The CMS announcement describes the terms of the Medicare Coverage of Innovative Technology (MCIT) pathway as providing coverage on the same date as the FDA marketing authorization. This coverage would last four years, an offer that assumes, but does not mandate, that the sponsor of the device continues to collect data in the postmarket realm.

Following the four years of MCIT coverage, that device would have to be covered by one of the conventional Medicare coverage mechanisms. In addition to national and local coverage determinations, the CMS press release cites claim-by-claim decisions as one of the post-MCIT alternatives. However, the agency advised that a coverage with evidence development outcome may follow the fourth year of MCIT coverage, adding that participants may be incentivized to gather postmarket data.

CMS said the MCIT program is available only to breakthrough devices that fit within an existing Medicare benefit category, while coverage is limited to on-label use. Device makers are encouraged to communicate with the CMS during the four-year coverage period, but the agency also suggested that sponsors of MCIT devices communicate their interest in an NCD or LCD before the four years are up.

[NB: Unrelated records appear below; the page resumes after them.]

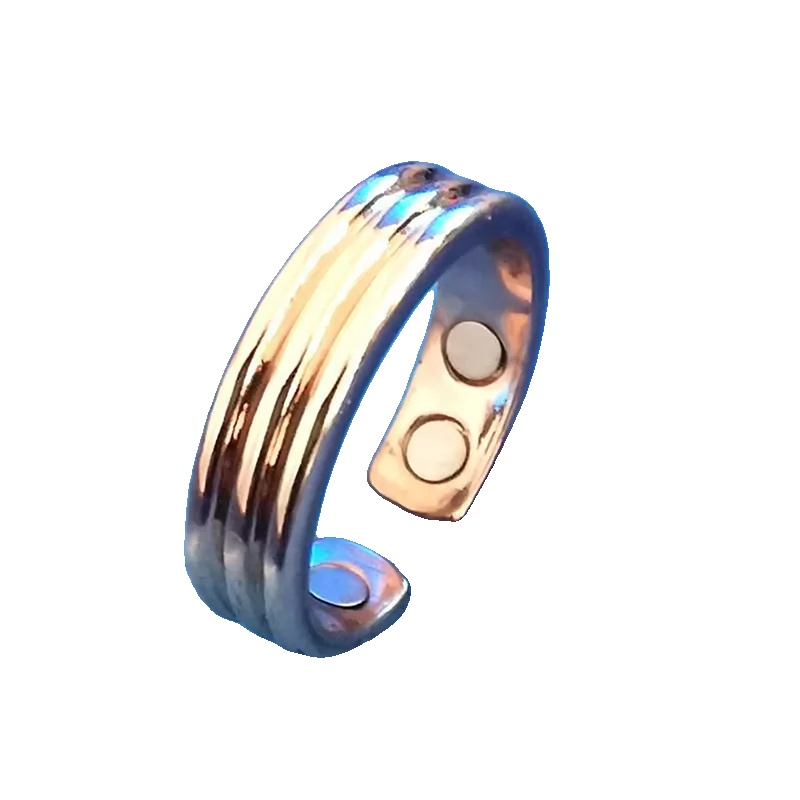 Anti-schnarch-ring, Verstellbare Passform, Magnettherapie, 4 Textur Roségold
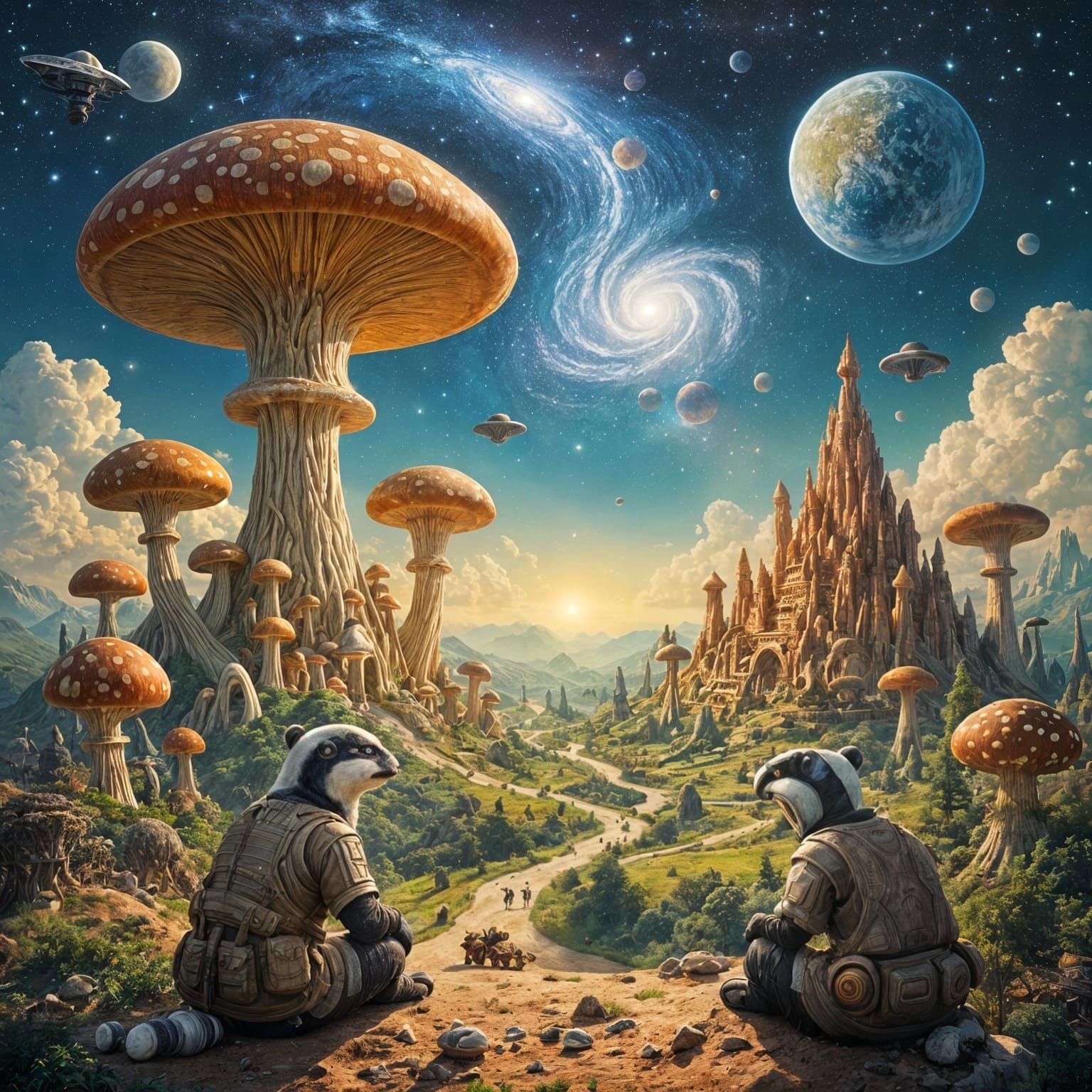 Badger People Greet Alien Visitors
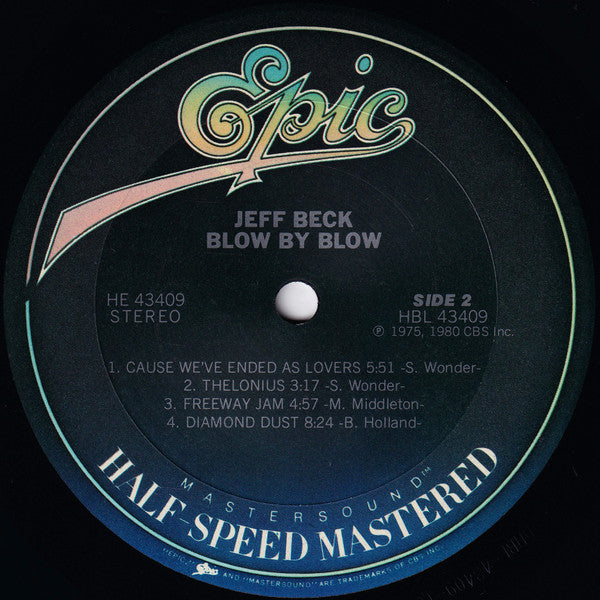 Jeff Beck : Blow By Blow (LP, Album, Ter)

‘Reasonable and Necessary’ Defined

CMS also offered a definition for the term “reasonable and necessary,” which would eventually be codified in the regulation. This definition would address all coverage decisions, rather than being limited to the scope of the MCIT program.

As described in the regulatory notification, the first prong of the three-part test for whether a device or service meets the definition of reasonable and necessary is whether the device is safe and effective. The second prong stipulates that the device must not be strictly experimental or under investigation for the use in question, but the third prong is more complex and asks whether the device or service is appropriate for Medicare patients.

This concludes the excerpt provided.